— Exercise aim —
Begin at the line containing "Bloemen Bier Onderzetter (Linkerzijde)" in the entries below and end at the line containing "Book cover for"; transcribe that range exactly and nothing outside it.

— Extracted material —
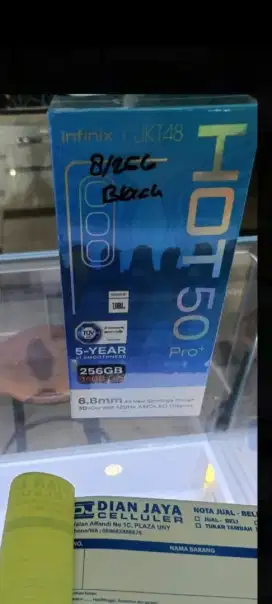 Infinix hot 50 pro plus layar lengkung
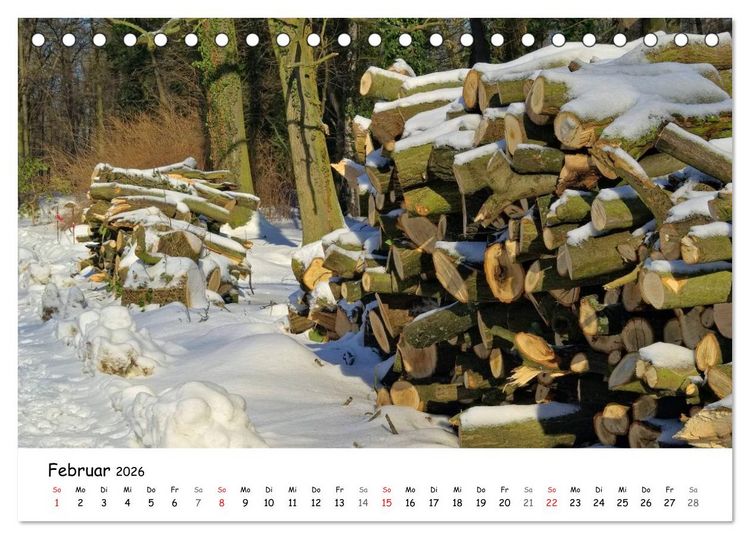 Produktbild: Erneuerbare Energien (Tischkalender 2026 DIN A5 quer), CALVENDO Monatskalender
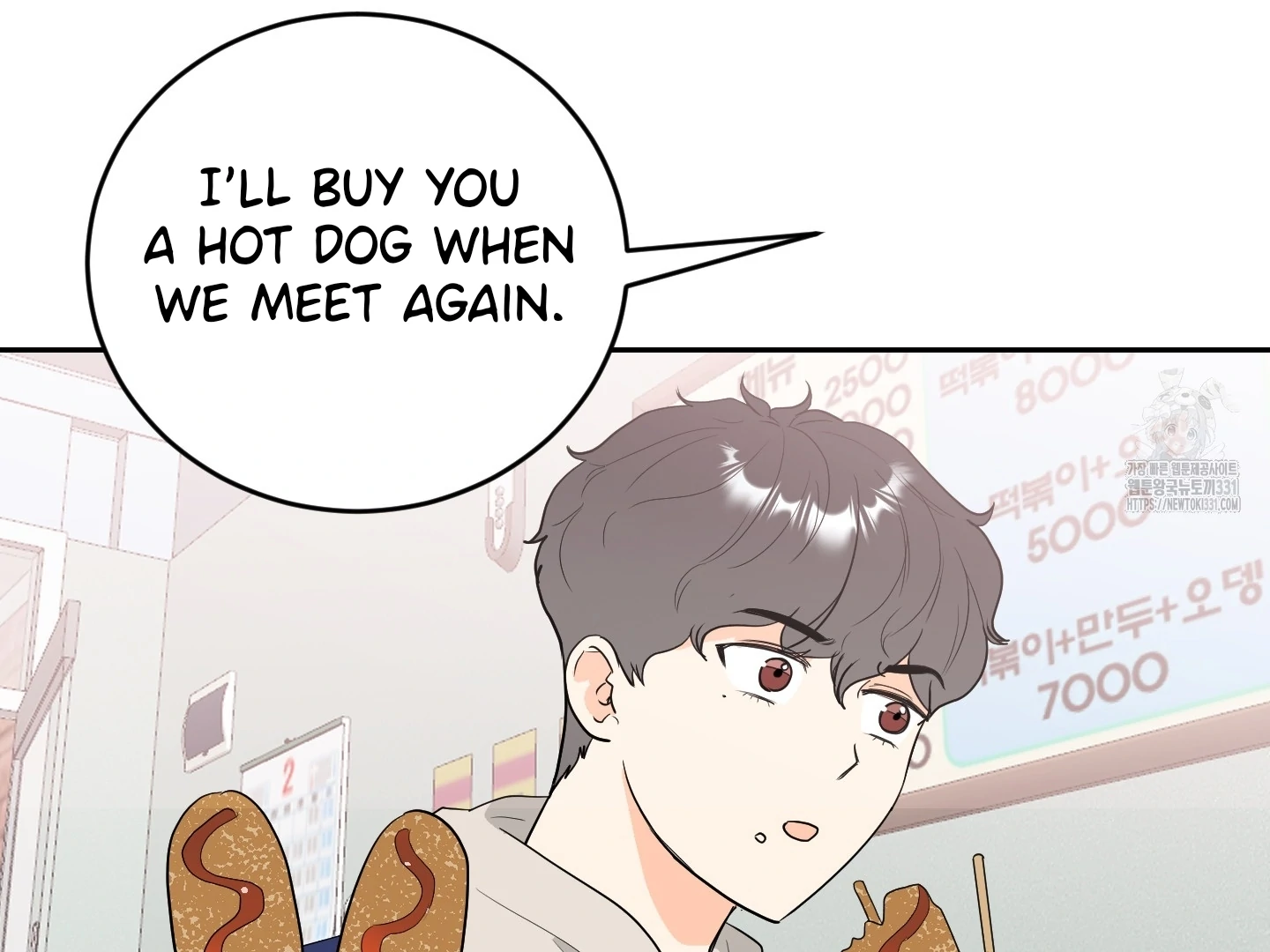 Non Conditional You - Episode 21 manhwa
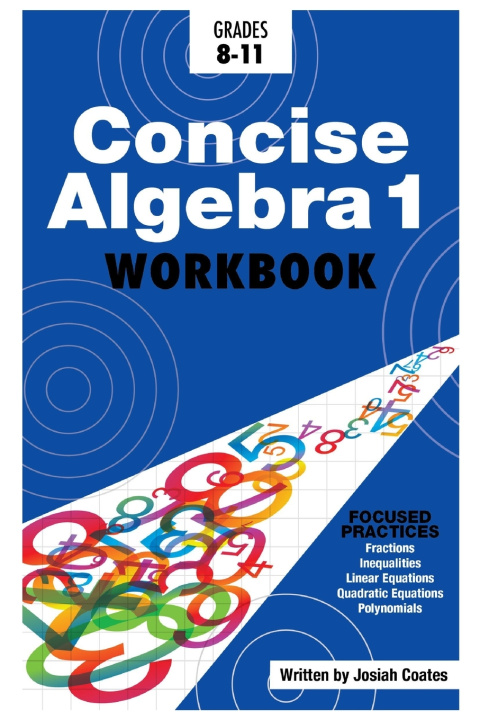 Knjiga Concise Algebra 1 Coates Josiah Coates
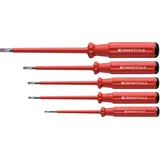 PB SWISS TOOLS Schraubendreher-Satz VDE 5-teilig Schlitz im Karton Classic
--
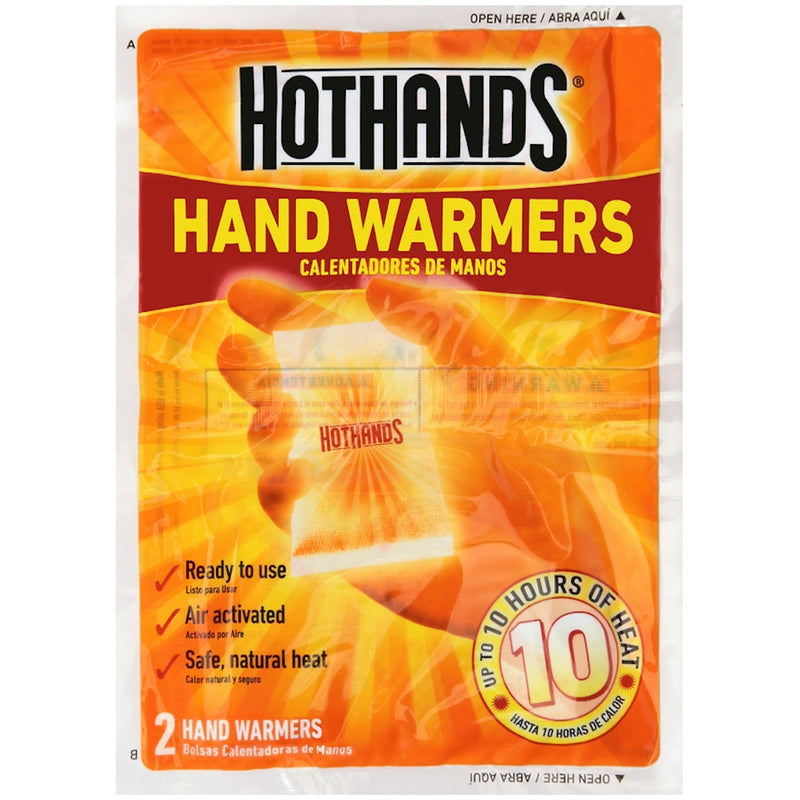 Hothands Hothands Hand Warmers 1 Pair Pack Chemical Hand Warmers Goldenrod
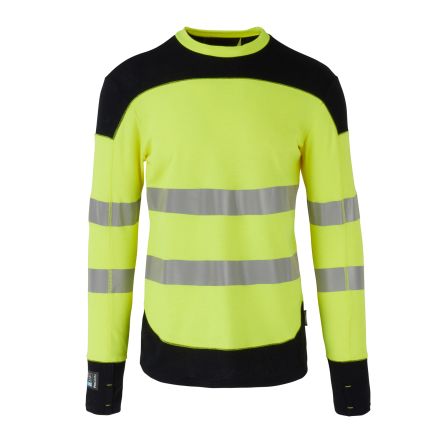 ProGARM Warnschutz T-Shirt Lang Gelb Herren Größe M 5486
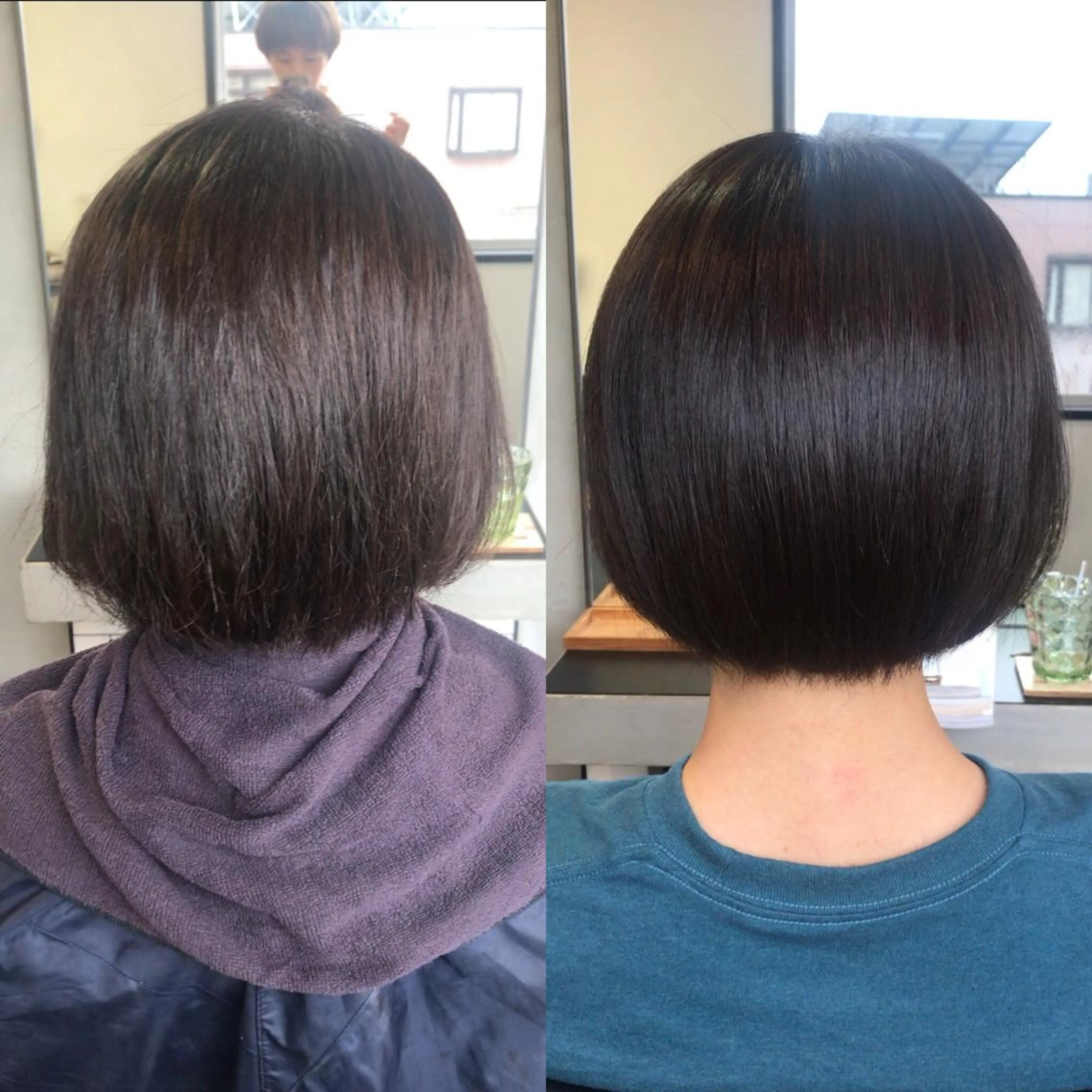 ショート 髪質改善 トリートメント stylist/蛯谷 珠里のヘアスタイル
...
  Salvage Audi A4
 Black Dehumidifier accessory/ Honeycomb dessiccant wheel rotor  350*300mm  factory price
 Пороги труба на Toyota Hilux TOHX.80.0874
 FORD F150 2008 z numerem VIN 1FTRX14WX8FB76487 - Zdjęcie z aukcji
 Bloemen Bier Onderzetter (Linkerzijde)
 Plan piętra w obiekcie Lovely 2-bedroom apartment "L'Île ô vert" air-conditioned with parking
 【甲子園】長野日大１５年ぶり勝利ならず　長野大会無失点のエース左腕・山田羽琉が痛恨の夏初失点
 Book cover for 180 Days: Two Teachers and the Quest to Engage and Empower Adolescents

— Written solution —
 Bloemen Bier Onderzetter (Linkerzijde)
 Plan piętra w obiekcie Lovely 2-bedroom apartment "L'Île ô vert" air-conditioned with parking
 【甲子園】長野日大１５年ぶり勝利ならず　長野大会無失点のエース左腕・山田羽琉が痛恨の夏初失点
 Book cover for 180 Days: Two Teachers and the Quest to Engage and Empower Adolescents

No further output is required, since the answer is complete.